§ **Dataset excerpt**

****************

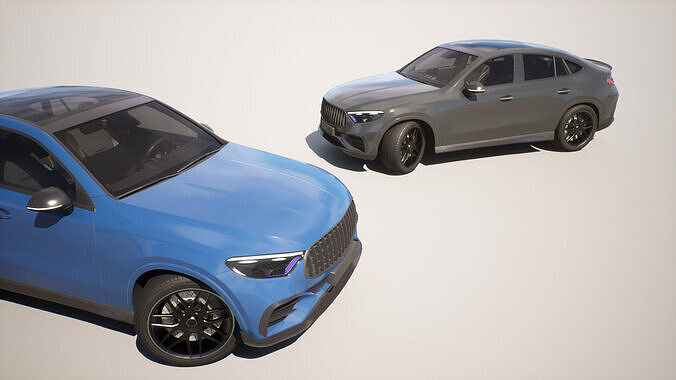 Coupe SUV - Mercedes GLC Coupe -Game Ready Vehicle Low-poly 3D model 4
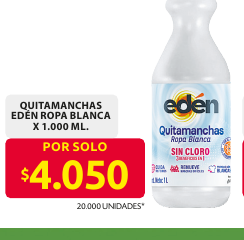 Recorte del folleto: QUITAMANCHAS EDÉN ROPA BLANCA X 1.000 ML.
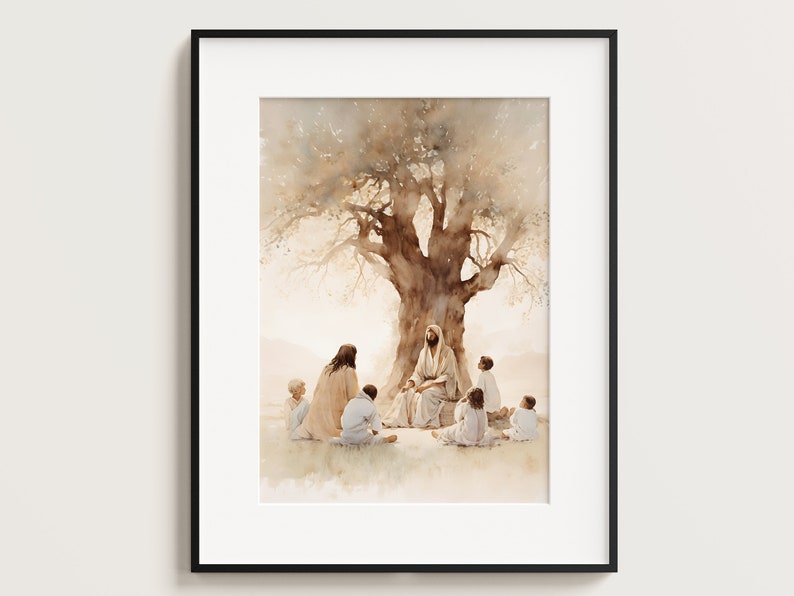 May include: A watercolor painting of Jesus sitting under a tree with children around him. The painting is in shades of brown and beige.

****************

§ **Instructions for the task**
Leaving the pictures out, print every line of the listing exactly.

§ **Output of the task**
 Coupe SUV - Mercedes GLC Coupe -Game Ready Vehicle Low-poly 3D model 4
 Recorte del folleto: QUITAMANCHAS EDÉN ROPA BLANCA X 1.000 ML.
 May include: A watercolor painting of Jesus sitting under a tree with children around him. The painting is in shades of brown and beige.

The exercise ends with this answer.